• [AVAILABLE DATA]:
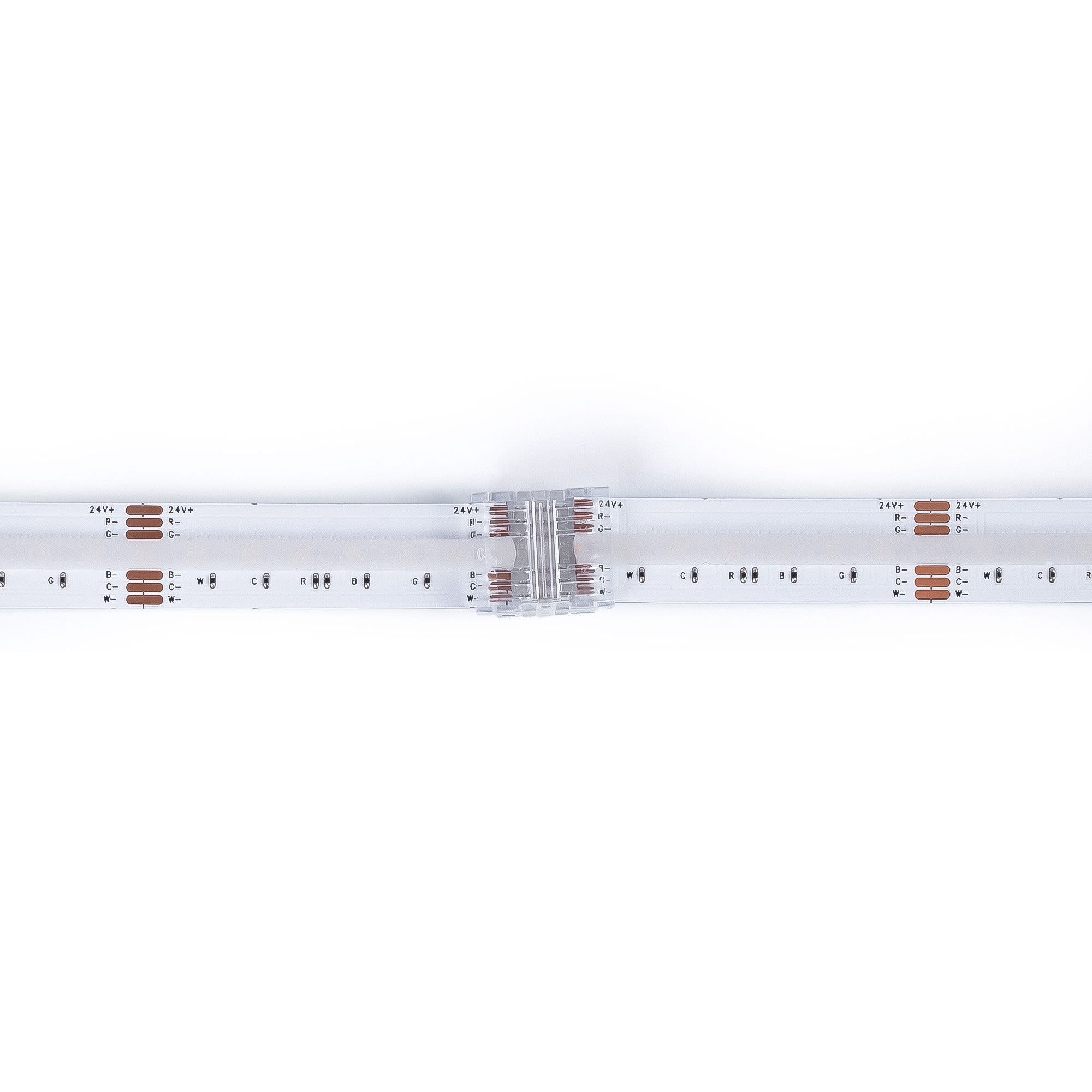 Conector Hippo RGB + CCT COB Tira a Tira - PCB 12mm - 6 pines - IP20 - Máx. 24V (1)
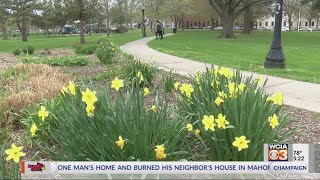Champaign Park District wins national award for excellence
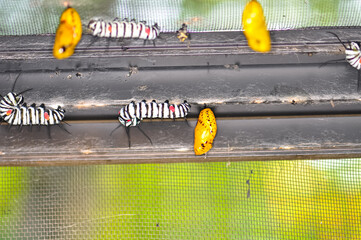 A Great Tree Nymph larva. Macro photo of a large beautiful caterpillar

• [YOUR TASK]: Return exactly the lines starting at the line with "Champaign Park District" and ending at the last line of the listing, both ends included; pictures are to be left out.

• [TASK OUTPUT]:
Champaign Park District wins national award for excellence
 A Great Tree Nymph larva. Macro photo of a large beautiful caterpillar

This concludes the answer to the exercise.